Repeat the listing below in full and exactly. Pictures are to be omitted.

:: Record excerpts ::
+++

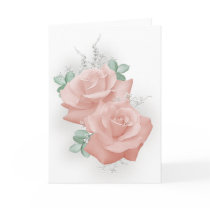 Pastel Roses Greeting Card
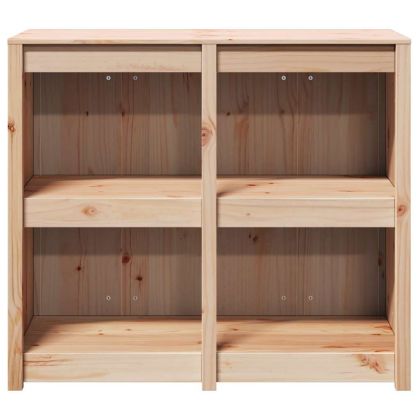 Кухненски шкаф Кафяв дъб 106 x 55 x 92 cm Солидно борово дърво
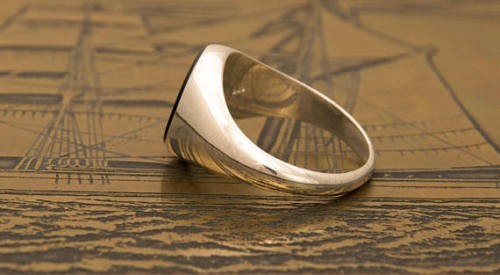 Solid 925 Sterling Silver AA Natural Flat Black Onyx Gemstone Men’s Unisex Ring
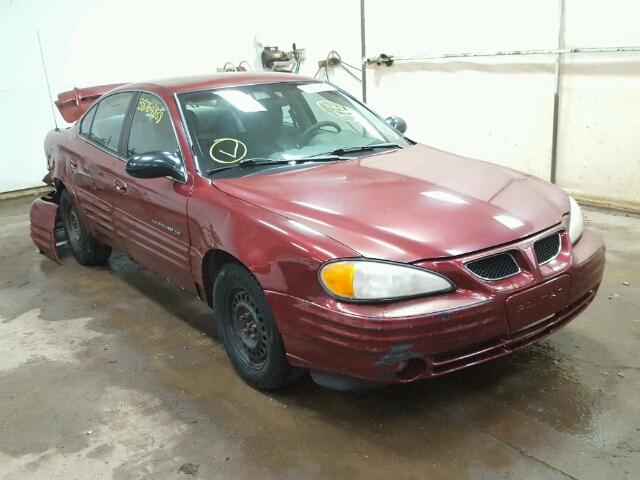 1G2NE52F52C156935 - 2002 PONTIAC GRAND AM S Tünd qırmızı foto 1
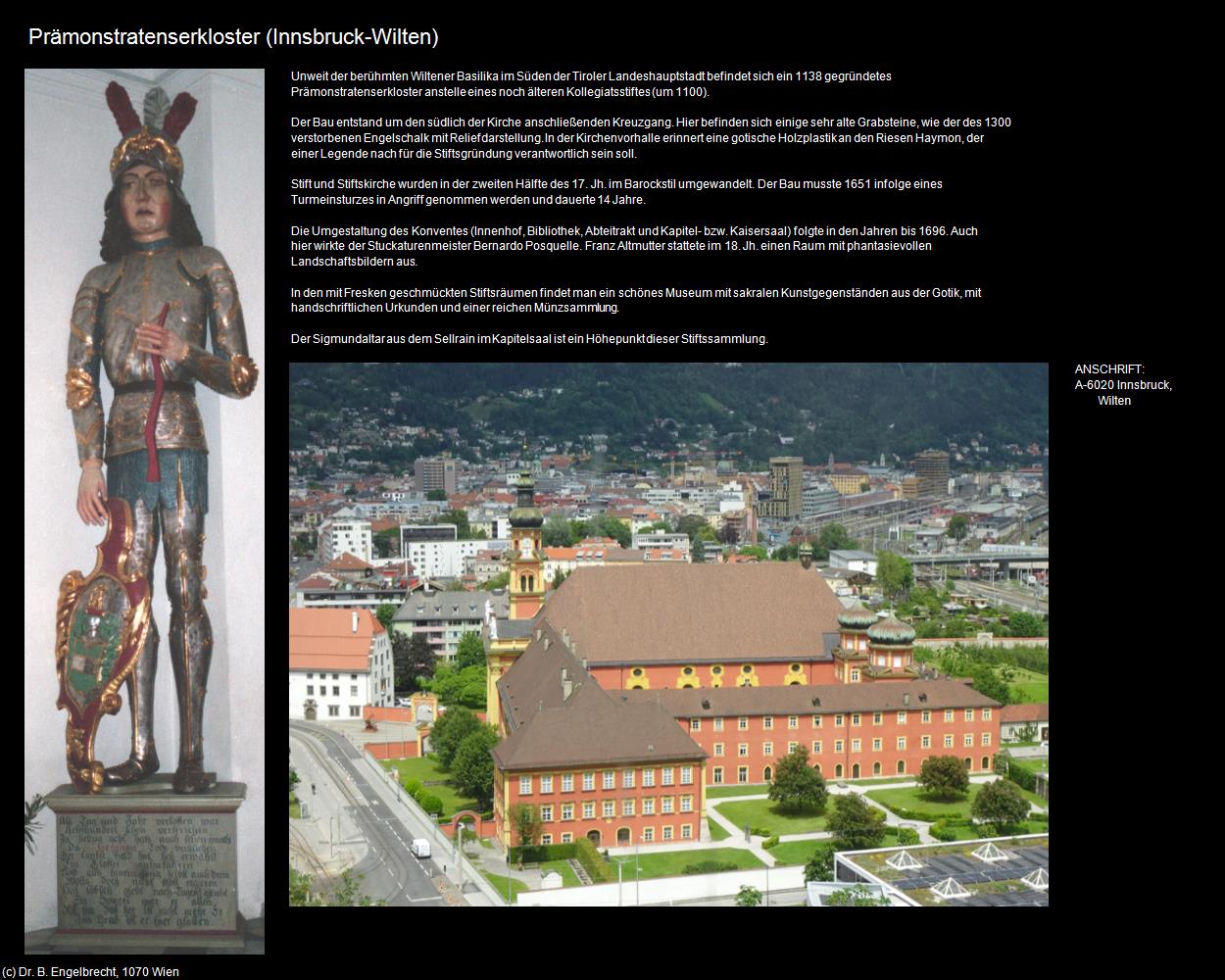 Prämonstratenserkloster (Wilten) (Innsbruck) in Kulturatlas-TIROL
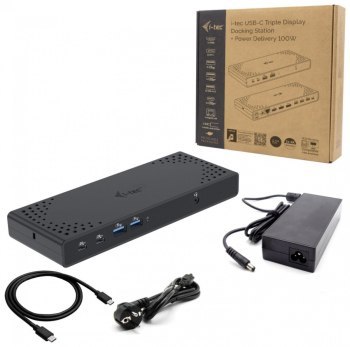 Replikator - i-tec USB-C Triple Display Docking Station Gen 2 + Power Delivery 100W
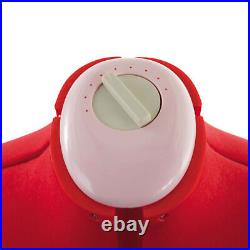 Singer Adjustable Dress Form Fits 4-10 Sm/Med with360 Degree Hem Guide, Red (Used)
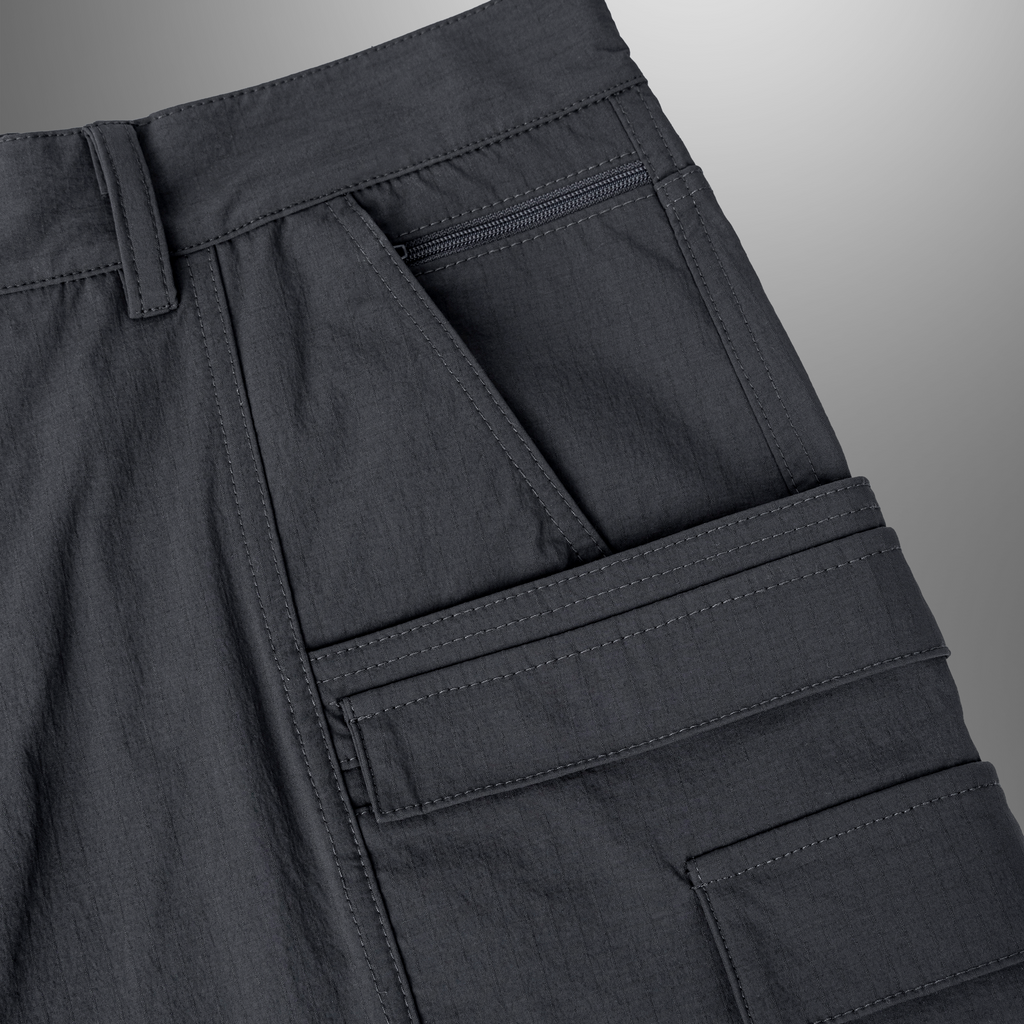 RIPSTOP RAVE PANTS (GREY)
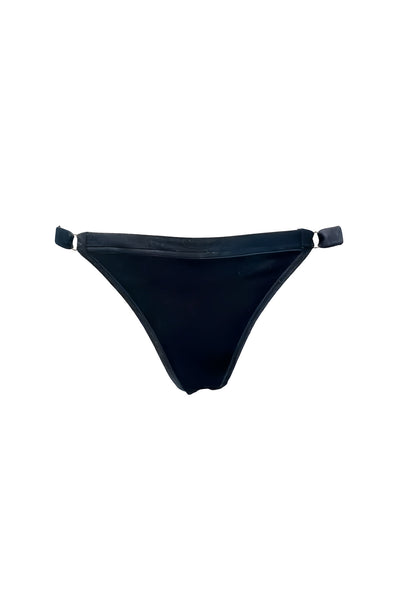 Navy Velour Flocked Dot Mesh Panty K+1%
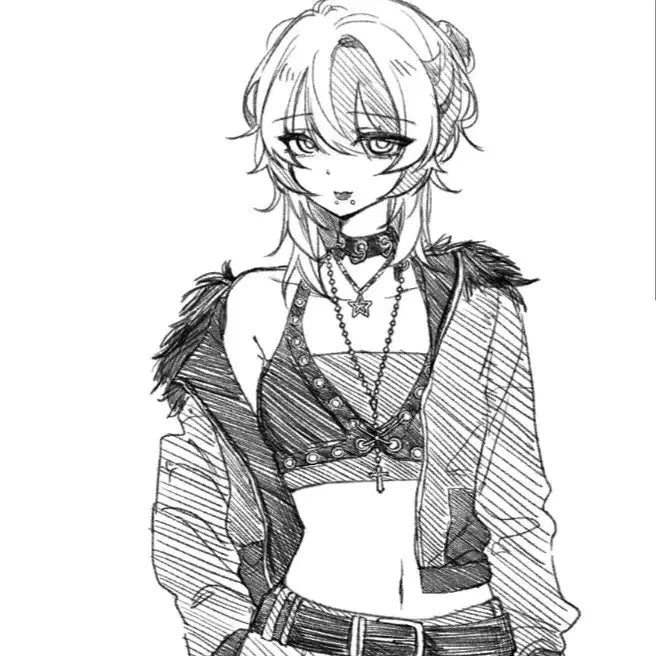 [BUNJANG] Black and White Sketch Commission / 빠른마감 흑백 낙서 커미션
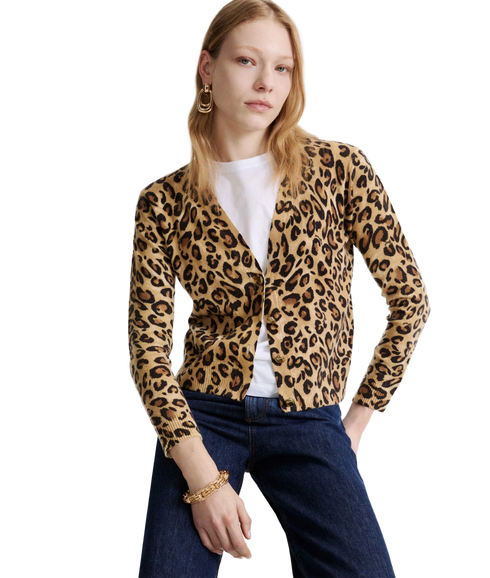Marmo Cardigan - Beige Spotted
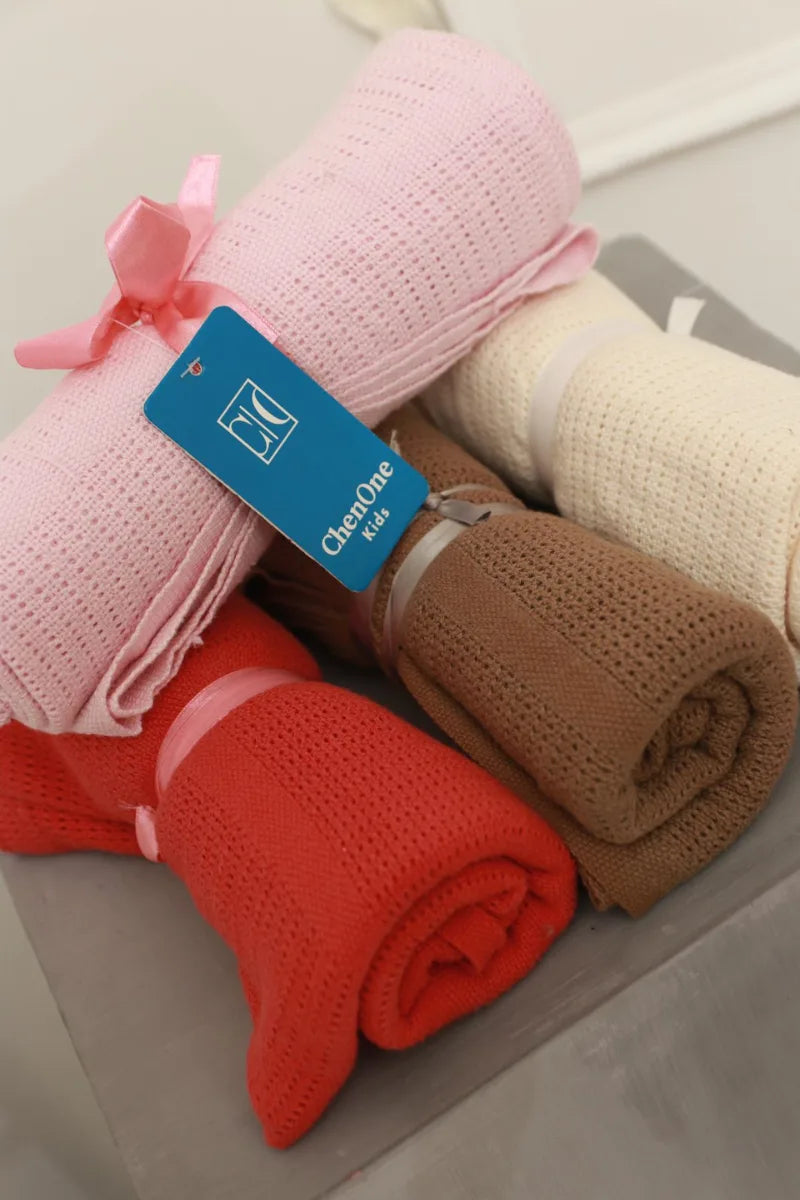 Kids Cozy Cloud Blanket (Red)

+++

:: Task response ::
 Pastel Roses Greeting Card
 Кухненски шкаф Кафяв дъб 106 x 55 x 92 cm Солидно борово дърво
 Solid 925 Sterling Silver AA Natural Flat Black Onyx Gemstone Men’s Unisex Ring
 1G2NE52F52C156935 - 2002 PONTIAC GRAND AM S Tünd qırmızı foto 1
 Prämonstratenserkloster (Wilten) (Innsbruck) in Kulturatlas-TIROL
 Replikator - i-tec USB-C Triple Display Docking Station Gen 2 + Power Delivery 100W
 Singer Adjustable Dress Form Fits 4-10 Sm/Med with360 Degree Hem Guide, Red (Used)
 RIPSTOP RAVE PANTS (GREY)
 Navy Velour Flocked Dot Mesh Panty K+1%
 [BUNJANG] Black and White Sketch Commission / 빠른마감 흑백 낙서 커미션
Marmo Cardigan - Beige Spotted
 Kids Cozy Cloud Blanket (Red)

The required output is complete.